What are the implications and unintended consequences of police reform implementation across strategic and operational levels? Based on ethnographic fieldwork in Denmark, this paper explores how police management and police officers navigate a political agenda and how it informs everyday policing.

Paper long abstract:

In recent years, there has been a growing tendency in national politics to address perceptions of unsafety and insecurity as principal driving forces of governance. In Denmark, this has resulted in an increasing number of political initiatives aiming to enhance safety and security for the Danish population. This paper explores the implementation of the latest police reform in Denmark – a so-called proximity reform. It outlines how Danish policing has taken a recent turn toward proximity policing as part of a larger decentralization process that aims to enhance safety, police visibility and bring the police closer to the citizens.
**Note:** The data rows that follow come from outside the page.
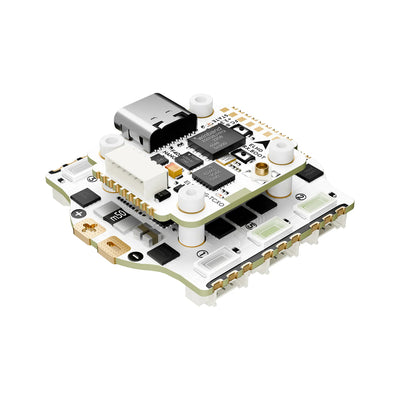 16mm*16mm Flywoo GOKU HEX GN405 Nano HD V3 F4 Flight Controller with TXCO ELRS 2.4g RX & 20A 2-4S ESC Stack for Hexacopter FPV Racing Drone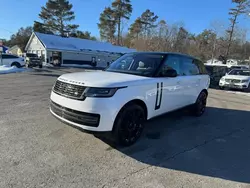 Salvage cars for sale at North Billerica, MA auction: 2023 Land Rover Range Rover SE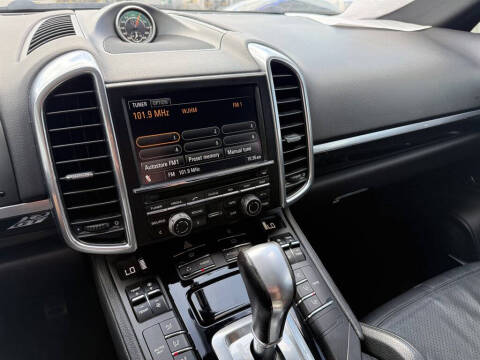 2012 Porsche Cayenne Tiptronic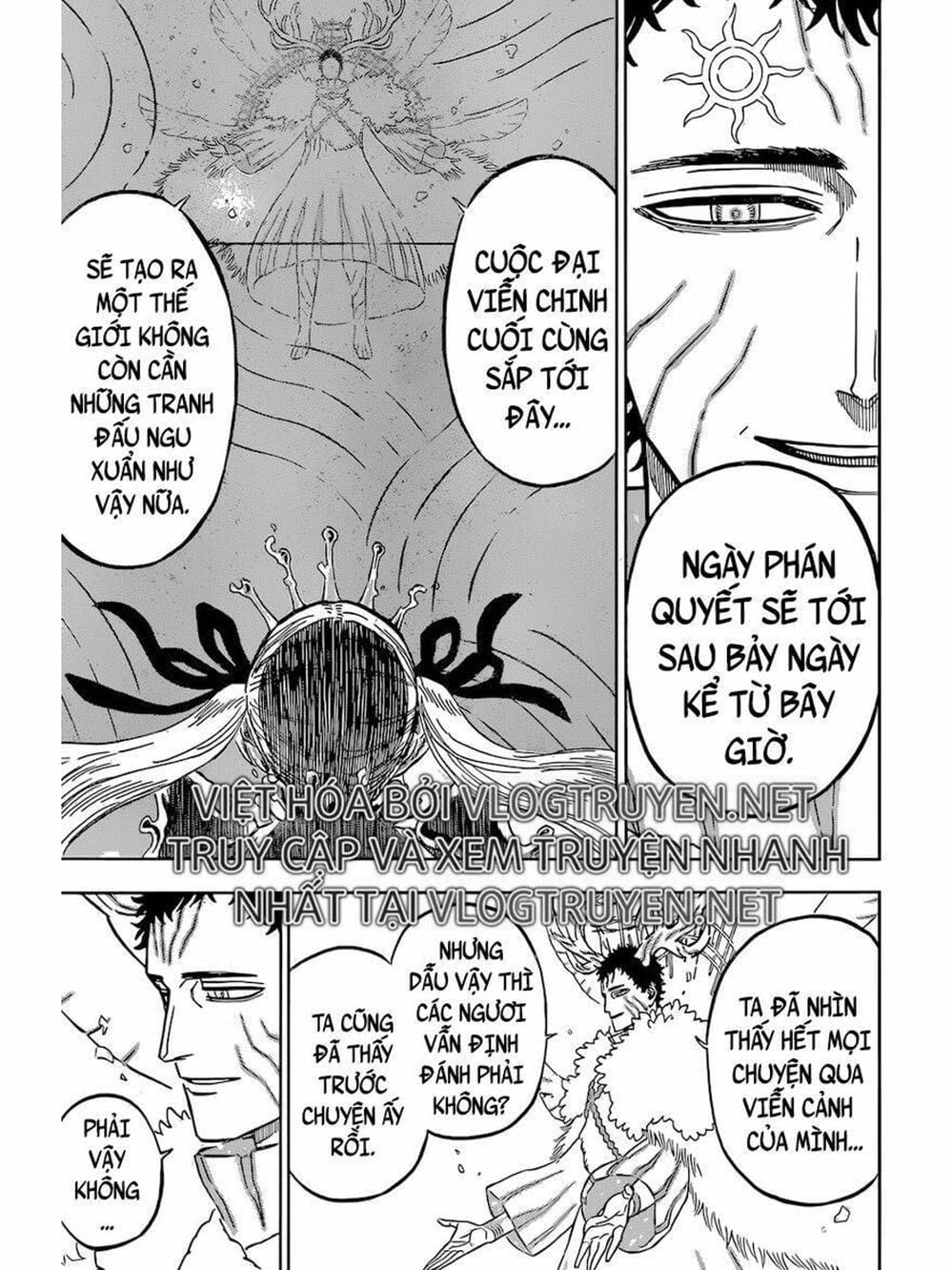 Truyện Tranh Pháp Sư Không Phép Thuật - Black Clover trang 5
Based on long-term ethnographic fieldwork in one Danish police district, this paper unfolds the top-down process of reform implementation across strategic and operational levels. In doing so, it explores negotiations and concerns of reform implementation in police organization and everyday policing, and it unfolds the implications of navigating a political agenda including managerial dilemmas in resource allocation and recruitment as well as disruptions to everyday policing and resistance from local police officers. As a reform that has been advertised as a transformation of the Danish police, this paper further engages with the question of what is perceived as valuable police work across the chain of command and among the public.